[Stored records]
━━━━━━━━━━━━━━━━━━━━
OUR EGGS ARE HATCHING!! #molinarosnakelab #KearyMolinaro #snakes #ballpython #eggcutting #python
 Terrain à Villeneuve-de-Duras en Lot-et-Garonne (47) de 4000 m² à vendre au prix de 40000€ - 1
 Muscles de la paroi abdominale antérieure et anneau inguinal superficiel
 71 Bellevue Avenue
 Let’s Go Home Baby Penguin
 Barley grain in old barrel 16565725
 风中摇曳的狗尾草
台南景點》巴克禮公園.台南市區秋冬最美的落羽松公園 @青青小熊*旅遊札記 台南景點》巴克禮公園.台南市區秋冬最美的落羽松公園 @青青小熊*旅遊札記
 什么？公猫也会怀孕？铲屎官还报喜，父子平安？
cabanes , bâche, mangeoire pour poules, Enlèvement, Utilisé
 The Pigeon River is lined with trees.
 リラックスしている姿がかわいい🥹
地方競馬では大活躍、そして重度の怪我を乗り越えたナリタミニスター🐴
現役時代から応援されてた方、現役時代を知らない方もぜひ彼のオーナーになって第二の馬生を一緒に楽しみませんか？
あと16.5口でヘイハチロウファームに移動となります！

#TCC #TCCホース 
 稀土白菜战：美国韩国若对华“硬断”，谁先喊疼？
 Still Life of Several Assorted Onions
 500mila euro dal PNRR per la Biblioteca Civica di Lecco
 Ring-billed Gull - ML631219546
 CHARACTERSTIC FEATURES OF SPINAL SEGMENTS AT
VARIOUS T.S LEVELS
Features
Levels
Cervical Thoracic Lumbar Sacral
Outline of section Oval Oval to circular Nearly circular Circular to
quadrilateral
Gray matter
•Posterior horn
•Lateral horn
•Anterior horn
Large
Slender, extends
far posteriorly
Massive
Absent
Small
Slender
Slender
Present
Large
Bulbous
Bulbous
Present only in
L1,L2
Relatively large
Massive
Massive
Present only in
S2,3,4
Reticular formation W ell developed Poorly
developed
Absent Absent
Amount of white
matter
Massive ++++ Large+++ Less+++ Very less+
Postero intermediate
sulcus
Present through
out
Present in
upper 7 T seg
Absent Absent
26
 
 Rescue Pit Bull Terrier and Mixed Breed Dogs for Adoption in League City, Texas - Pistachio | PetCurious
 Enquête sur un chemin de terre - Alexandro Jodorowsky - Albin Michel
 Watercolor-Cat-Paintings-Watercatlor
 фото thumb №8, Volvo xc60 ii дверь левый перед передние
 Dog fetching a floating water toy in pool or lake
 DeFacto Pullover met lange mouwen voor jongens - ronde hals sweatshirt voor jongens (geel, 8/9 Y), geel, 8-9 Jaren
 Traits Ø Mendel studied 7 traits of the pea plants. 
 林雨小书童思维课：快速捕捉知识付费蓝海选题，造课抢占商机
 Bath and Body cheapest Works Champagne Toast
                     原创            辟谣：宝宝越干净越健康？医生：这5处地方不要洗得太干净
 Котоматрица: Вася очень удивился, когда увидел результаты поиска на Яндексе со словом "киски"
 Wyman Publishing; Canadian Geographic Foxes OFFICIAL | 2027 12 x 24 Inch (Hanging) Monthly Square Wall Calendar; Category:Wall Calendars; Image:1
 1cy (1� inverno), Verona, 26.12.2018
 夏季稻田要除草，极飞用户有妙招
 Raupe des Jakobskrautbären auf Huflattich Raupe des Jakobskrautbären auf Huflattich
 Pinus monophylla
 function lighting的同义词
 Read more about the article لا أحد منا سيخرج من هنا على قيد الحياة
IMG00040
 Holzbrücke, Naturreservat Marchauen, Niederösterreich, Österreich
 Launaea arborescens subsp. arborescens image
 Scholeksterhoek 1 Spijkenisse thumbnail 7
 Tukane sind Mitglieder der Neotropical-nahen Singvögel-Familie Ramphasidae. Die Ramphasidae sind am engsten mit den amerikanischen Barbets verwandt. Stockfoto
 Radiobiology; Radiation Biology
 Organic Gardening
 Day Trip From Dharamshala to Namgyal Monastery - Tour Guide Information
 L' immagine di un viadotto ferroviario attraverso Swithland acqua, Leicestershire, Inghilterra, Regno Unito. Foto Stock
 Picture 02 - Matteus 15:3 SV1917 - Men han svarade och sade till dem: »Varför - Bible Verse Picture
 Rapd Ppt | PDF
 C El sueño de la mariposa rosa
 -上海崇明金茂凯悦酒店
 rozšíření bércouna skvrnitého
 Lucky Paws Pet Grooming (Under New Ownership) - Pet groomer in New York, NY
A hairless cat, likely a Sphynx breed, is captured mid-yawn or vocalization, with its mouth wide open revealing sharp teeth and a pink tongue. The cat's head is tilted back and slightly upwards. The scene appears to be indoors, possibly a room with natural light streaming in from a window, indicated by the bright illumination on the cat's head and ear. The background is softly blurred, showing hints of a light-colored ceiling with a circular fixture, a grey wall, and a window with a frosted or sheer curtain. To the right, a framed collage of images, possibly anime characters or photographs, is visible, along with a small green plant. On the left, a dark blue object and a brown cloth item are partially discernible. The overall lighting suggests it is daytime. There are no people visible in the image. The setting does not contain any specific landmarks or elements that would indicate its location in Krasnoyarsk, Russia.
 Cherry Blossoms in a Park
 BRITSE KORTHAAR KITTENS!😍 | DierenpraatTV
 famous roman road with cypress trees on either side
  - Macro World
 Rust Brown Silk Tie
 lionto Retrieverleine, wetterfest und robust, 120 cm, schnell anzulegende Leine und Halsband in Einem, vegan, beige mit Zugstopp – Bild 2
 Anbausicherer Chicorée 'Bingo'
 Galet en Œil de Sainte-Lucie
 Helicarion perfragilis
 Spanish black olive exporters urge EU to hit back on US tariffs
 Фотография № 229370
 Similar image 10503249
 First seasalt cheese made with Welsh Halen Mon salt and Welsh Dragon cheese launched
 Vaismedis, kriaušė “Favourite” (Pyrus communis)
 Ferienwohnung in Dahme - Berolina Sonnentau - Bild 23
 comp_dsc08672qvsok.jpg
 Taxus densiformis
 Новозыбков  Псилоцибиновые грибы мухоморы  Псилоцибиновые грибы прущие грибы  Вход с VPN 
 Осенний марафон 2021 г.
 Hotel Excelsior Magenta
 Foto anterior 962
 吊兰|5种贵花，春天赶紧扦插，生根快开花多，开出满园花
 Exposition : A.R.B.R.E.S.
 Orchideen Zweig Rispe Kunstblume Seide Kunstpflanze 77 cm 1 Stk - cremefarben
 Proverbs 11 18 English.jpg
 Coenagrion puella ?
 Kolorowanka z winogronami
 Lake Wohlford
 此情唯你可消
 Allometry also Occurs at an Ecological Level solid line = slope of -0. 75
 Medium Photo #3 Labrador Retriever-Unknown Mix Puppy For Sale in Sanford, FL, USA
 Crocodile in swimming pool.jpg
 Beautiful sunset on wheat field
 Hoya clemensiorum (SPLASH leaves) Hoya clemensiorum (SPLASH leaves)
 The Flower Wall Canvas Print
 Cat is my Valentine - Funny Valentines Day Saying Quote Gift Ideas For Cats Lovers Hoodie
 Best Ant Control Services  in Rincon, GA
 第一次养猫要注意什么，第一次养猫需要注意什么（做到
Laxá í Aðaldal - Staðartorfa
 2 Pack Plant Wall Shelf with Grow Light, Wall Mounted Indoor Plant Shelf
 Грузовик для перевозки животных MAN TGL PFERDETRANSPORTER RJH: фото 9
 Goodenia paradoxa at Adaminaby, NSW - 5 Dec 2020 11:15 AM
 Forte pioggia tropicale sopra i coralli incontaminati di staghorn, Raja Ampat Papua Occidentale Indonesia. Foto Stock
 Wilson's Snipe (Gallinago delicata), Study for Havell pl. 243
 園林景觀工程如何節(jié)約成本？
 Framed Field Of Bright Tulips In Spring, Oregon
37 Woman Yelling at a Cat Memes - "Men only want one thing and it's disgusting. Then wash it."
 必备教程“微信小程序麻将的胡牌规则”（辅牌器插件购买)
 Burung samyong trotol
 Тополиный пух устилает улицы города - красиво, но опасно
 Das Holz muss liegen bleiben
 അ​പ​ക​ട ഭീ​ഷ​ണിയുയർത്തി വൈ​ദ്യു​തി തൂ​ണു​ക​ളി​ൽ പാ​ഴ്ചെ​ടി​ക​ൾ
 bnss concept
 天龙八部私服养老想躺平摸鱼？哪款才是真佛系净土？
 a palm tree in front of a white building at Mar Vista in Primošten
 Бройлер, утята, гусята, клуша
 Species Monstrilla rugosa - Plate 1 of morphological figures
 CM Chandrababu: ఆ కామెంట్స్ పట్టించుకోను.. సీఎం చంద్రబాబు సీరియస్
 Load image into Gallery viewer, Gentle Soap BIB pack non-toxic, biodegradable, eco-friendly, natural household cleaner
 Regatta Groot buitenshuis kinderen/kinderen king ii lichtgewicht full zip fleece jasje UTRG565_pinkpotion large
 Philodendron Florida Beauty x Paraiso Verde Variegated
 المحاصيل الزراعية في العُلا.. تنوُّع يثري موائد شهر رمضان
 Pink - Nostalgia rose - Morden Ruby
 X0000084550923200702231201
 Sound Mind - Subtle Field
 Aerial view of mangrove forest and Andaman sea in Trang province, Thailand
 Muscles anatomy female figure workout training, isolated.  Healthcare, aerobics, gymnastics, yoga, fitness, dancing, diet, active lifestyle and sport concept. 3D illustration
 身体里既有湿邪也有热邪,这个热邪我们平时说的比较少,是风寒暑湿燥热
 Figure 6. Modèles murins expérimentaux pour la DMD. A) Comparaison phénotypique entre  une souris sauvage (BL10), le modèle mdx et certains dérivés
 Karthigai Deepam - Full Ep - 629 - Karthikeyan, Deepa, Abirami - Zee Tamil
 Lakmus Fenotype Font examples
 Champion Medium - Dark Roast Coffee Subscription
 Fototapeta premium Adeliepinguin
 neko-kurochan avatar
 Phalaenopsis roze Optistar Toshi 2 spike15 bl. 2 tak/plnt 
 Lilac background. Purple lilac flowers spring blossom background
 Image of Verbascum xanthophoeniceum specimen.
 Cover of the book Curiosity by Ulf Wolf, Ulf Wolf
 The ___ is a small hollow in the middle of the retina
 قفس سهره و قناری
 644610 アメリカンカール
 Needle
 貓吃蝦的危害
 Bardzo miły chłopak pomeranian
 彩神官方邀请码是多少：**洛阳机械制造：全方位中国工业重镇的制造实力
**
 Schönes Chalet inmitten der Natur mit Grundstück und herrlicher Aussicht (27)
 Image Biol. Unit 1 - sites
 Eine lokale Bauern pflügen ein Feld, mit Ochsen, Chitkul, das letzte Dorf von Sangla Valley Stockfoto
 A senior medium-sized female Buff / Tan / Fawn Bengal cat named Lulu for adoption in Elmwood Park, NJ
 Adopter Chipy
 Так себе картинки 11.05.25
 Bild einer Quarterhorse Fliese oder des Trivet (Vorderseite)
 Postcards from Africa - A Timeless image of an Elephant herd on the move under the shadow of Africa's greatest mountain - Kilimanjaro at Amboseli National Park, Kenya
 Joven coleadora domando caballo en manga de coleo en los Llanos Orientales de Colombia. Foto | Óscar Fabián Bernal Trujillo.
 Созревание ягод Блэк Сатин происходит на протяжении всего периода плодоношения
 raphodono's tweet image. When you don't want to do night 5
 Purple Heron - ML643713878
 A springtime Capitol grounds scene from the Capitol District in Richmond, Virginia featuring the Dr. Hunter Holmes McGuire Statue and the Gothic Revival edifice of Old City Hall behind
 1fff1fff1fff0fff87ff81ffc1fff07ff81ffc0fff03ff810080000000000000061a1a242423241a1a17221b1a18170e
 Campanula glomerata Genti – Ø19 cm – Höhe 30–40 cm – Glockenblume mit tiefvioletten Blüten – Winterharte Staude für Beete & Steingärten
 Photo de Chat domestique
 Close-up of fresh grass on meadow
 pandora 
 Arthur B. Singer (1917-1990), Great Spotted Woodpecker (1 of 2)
━━━━━━━━━━━━━━━━━━━━
Proceeding from the line containing "Beautiful sunset on wheat field" through the line containing "CM Chandrababu: ఆ", transcribe the lines above exactly, both end lines included.

 Beautiful sunset on wheat field
 Hoya clemensiorum (SPLASH leaves) Hoya clemensiorum (SPLASH leaves)
 The Flower Wall Canvas Print
 Cat is my Valentine - Funny Valentines Day Saying Quote Gift Ideas For Cats Lovers Hoodie
 Best Ant Control Services  in Rincon, GA
 第一次养猫要注意什么，第一次养猫需要注意什么（做到
Laxá í Aðaldal - Staðartorfa
 2 Pack Plant Wall Shelf with Grow Light, Wall Mounted Indoor Plant Shelf
 Грузовик для перевозки животных MAN TGL PFERDETRANSPORTER RJH: фото 9
 Goodenia paradoxa at Adaminaby, NSW - 5 Dec 2020 11:15 AM
 Forte pioggia tropicale sopra i coralli incontaminati di staghorn, Raja Ampat Papua Occidentale Indonesia. Foto Stock
 Wilson's Snipe (Gallinago delicata), Study for Havell pl. 243
 園林景觀工程如何節(jié)約成本？
 Framed Field Of Bright Tulips In Spring, Oregon
37 Woman Yelling at a Cat Memes - "Men only want one thing and it's disgusting. Then wash it."
 必备教程“微信小程序麻将的胡牌规则”（辅牌器插件购买)
 Burung samyong trotol
 Тополиный пух устилает улицы города - красиво, но опасно
 Das Holz muss liegen bleiben
 അ​പ​ക​ട ഭീ​ഷ​ണിയുയർത്തി വൈ​ദ്യു​തി തൂ​ണു​ക​ളി​ൽ പാ​ഴ്ചെ​ടി​ക​ൾ
 bnss concept
 天龙八部私服养老想躺平摸鱼？哪款才是真佛系净土？
 a palm tree in front of a white building at Mar Vista in Primošten
 Бройлер, утята, гусята, клуша
 Species Monstrilla rugosa - Plate 1 of morphological figures
 CM Chandrababu: ఆ కామెంట్స్ పట్టించుకోను.. సీఎం చంద్రబాబు సీరియస్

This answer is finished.